From the first encounters with indigenous hunters of the Arctic and
the earliest explorers, polar bears have captured the attention of Arctic
residents and visitors. Polar bears have been and continue to be an
resource for coastal communities throughout northern Alaska. Polar bears
provide a source of meat and raw materials for handicrafts, including
functional clothing such as mittens, boots (mukluks), parka ruffs and
pants. Polar bears and polar bear hunting were an important part of
earlier religions, myths and legends, and continue to play an important
role in the Inupiat and Yupik cultures; polar bear hunting is a source
of pride, prestige, and accomplishment.
Prior to passage of the Marine Mammal Protection Act (MMPA), polar
bears in Alaska were reduced by excessive hunting. The MMPA now prohibits
polar bear hunting except by Alaska Natives for subsistence and handicraft
purposes. Harvest monitoring has been conducted since 1980.

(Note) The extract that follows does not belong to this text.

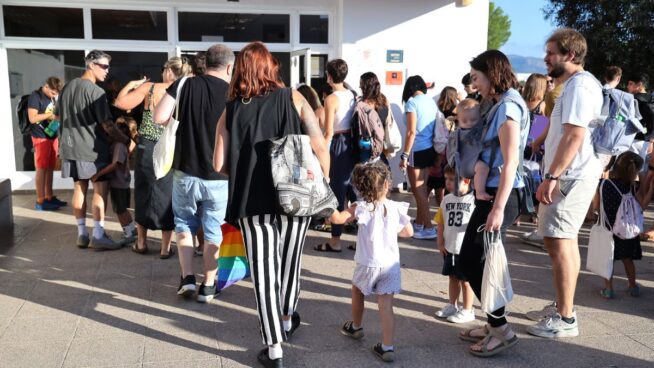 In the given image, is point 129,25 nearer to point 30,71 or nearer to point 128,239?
point 30,71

Today, residents from 14 villages actively hunt polar bears; the level
of hunting effort varies by village and by year. The Alaska Nanuuq Commission
was established in 1994
to represent Native interests regarding polar bears. In addition, a
small bear viewing tourism industry is developing in some coastal communities.
Oil and gas development started on the North Slope around 1969. Operators
work closely with the FWS to ensure that their activities have minimal
impact on polar bears or their habitat.